## TASK ITEM
Only the lines from the line that contains "Ardei umpluți cu carne" through the final line of the entries below belong in your answer, copied exactly and without pictures.
Start of Block
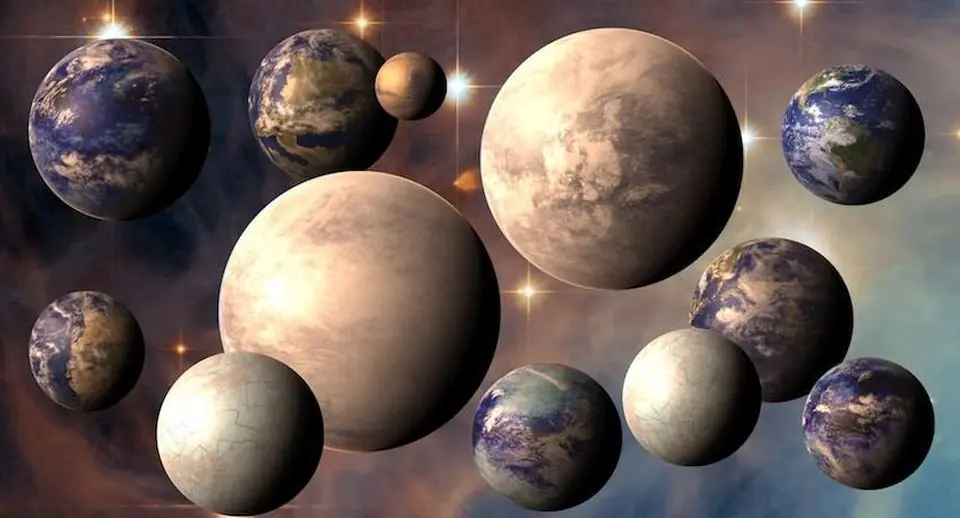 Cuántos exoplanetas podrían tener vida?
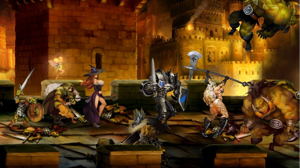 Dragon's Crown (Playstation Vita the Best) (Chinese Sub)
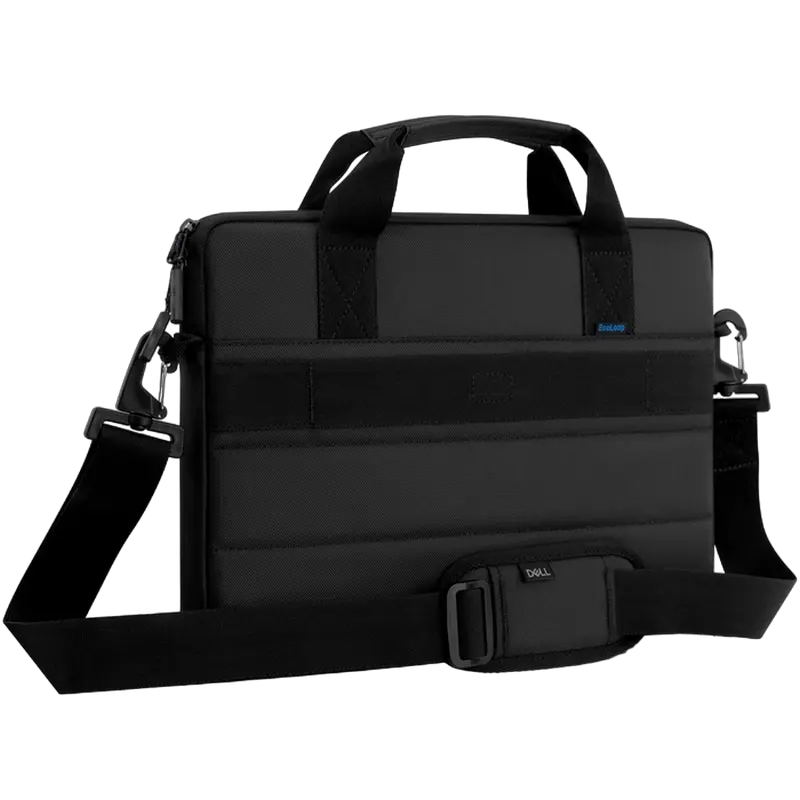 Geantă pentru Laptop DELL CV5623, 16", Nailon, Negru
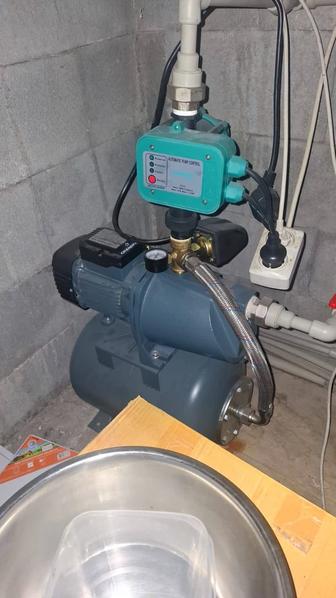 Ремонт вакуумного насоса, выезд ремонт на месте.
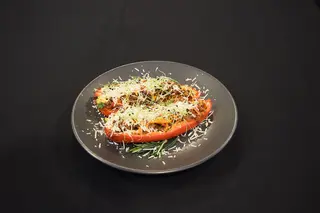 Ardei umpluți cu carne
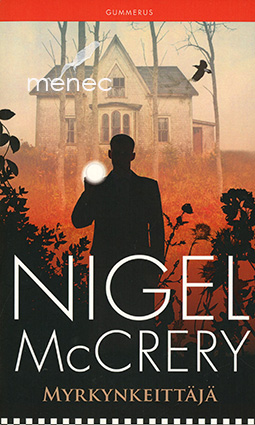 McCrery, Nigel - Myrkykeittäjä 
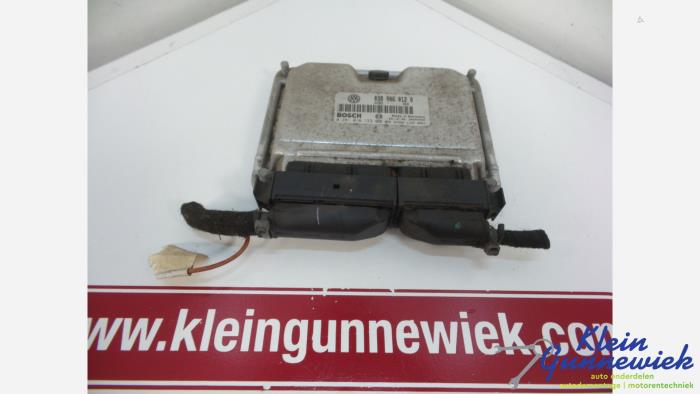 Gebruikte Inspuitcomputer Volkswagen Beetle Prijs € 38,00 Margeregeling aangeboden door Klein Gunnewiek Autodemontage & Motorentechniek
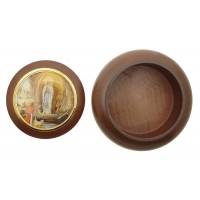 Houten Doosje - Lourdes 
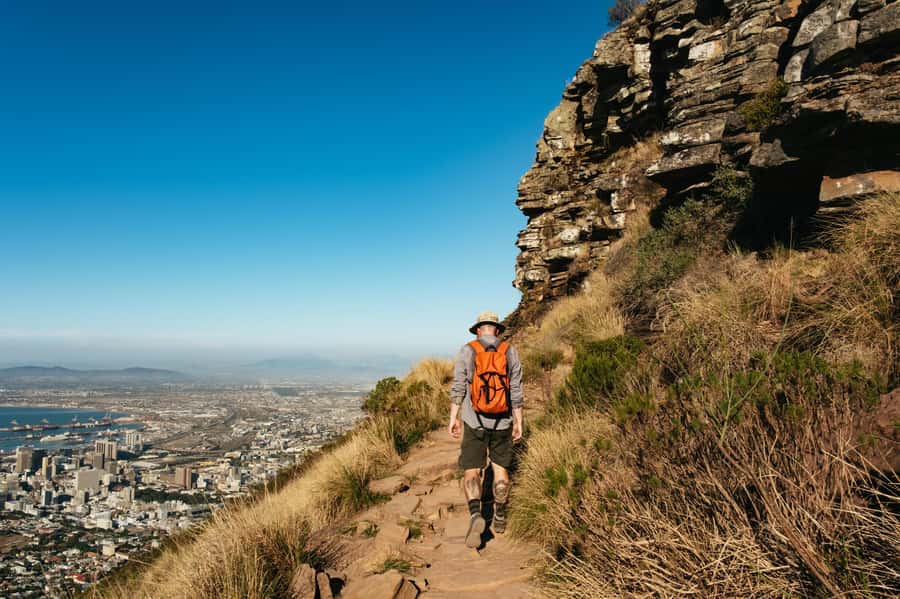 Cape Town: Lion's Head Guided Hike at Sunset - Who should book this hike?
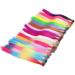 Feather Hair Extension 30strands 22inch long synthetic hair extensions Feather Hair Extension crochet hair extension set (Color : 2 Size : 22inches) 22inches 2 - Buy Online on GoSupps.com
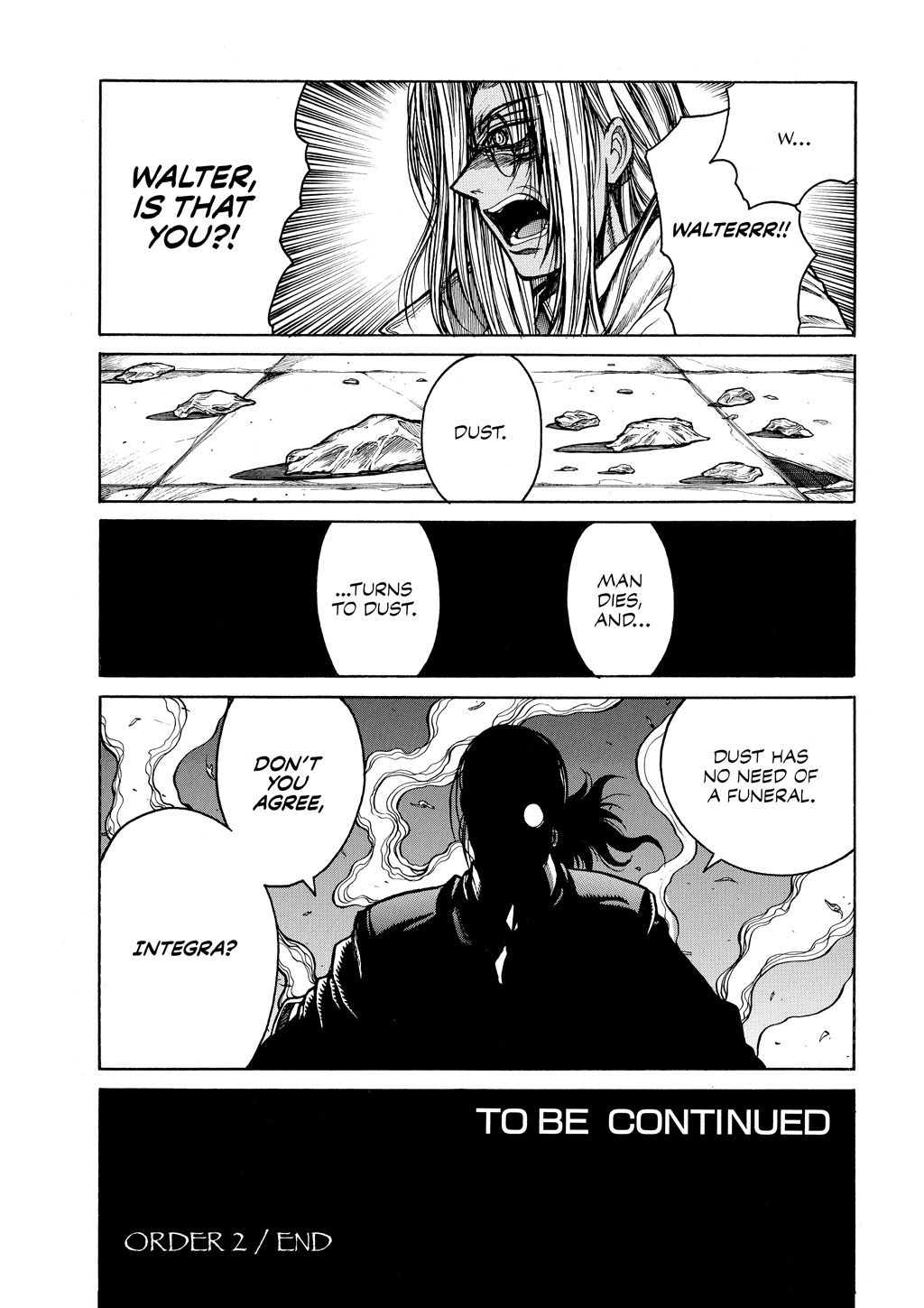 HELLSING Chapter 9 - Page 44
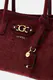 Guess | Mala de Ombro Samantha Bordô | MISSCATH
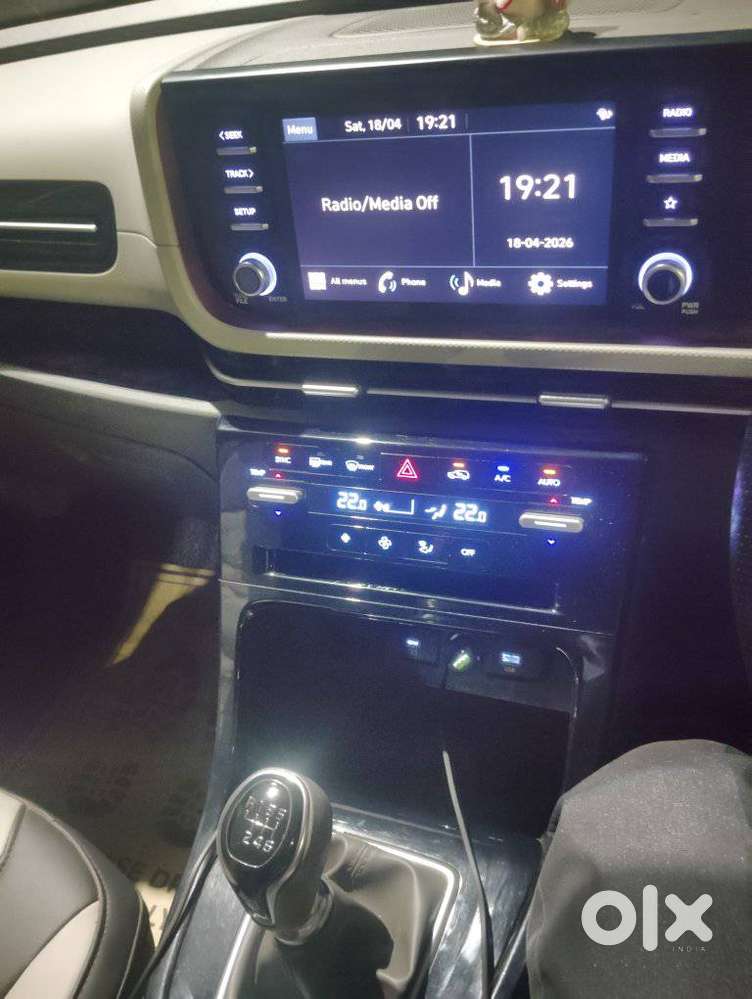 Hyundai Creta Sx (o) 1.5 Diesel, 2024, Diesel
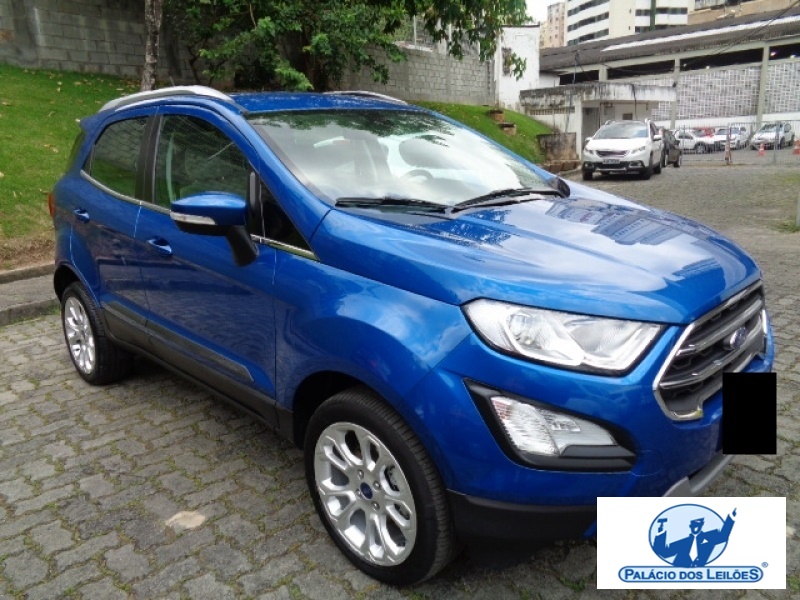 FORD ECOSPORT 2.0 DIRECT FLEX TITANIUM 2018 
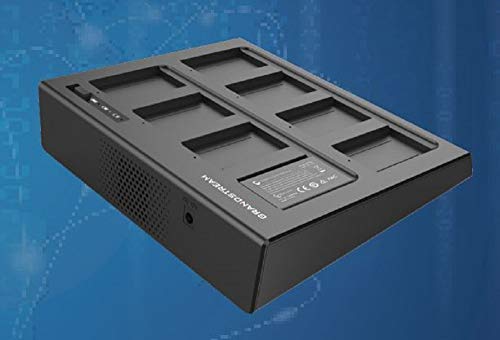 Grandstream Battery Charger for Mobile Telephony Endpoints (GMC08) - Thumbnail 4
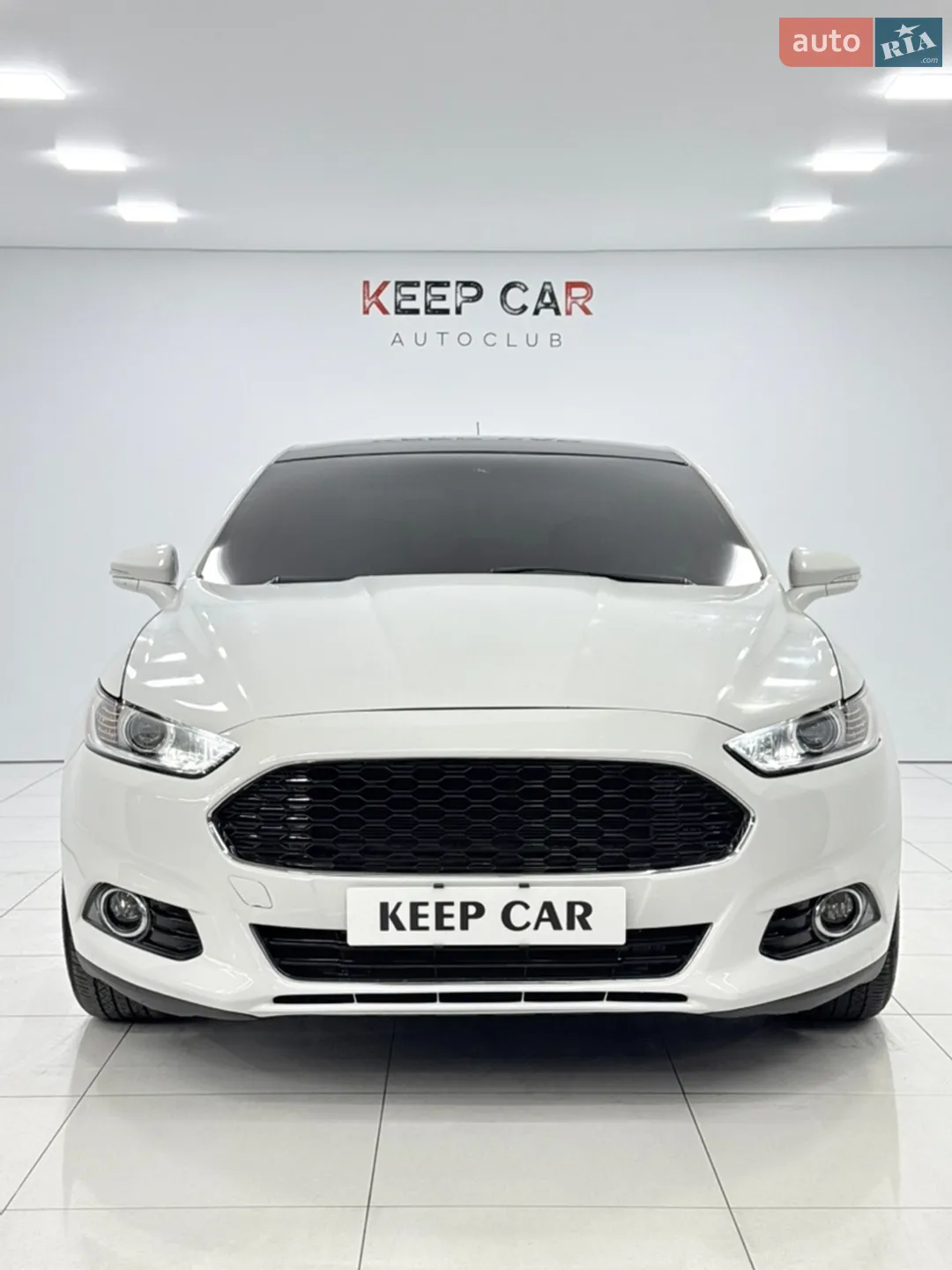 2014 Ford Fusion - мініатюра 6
End of Block
## COMPLETED EXERCISE
 Ardei umpluți cu carne
 McCrery, Nigel - Myrkykeittäjä 
 Gebruikte Inspuitcomputer Volkswagen Beetle Prijs € 38,00 Margeregeling aangeboden door Klein Gunnewiek Autodemontage & Motorentechniek
 Houten Doosje - Lourdes 
 Cape Town: Lion's Head Guided Hike at Sunset - Who should book this hike?
 Feather Hair Extension 30strands 22inch long synthetic hair extensions Feather Hair Extension crochet hair extension set (Color : 2 Size : 22inches) 22inches 2 - Buy Online on GoSupps.com
 HELLSING Chapter 9 - Page 44
 Guess | Mala de Ombro Samantha Bordô | MISSCATH
 Hyundai Creta Sx (o) 1.5 Diesel, 2024, Diesel
 FORD ECOSPORT 2.0 DIRECT FLEX TITANIUM 2018 
 Grandstream Battery Charger for Mobile Telephony Endpoints (GMC08) - Thumbnail 4
 2014 Ford Fusion - мініатюра 6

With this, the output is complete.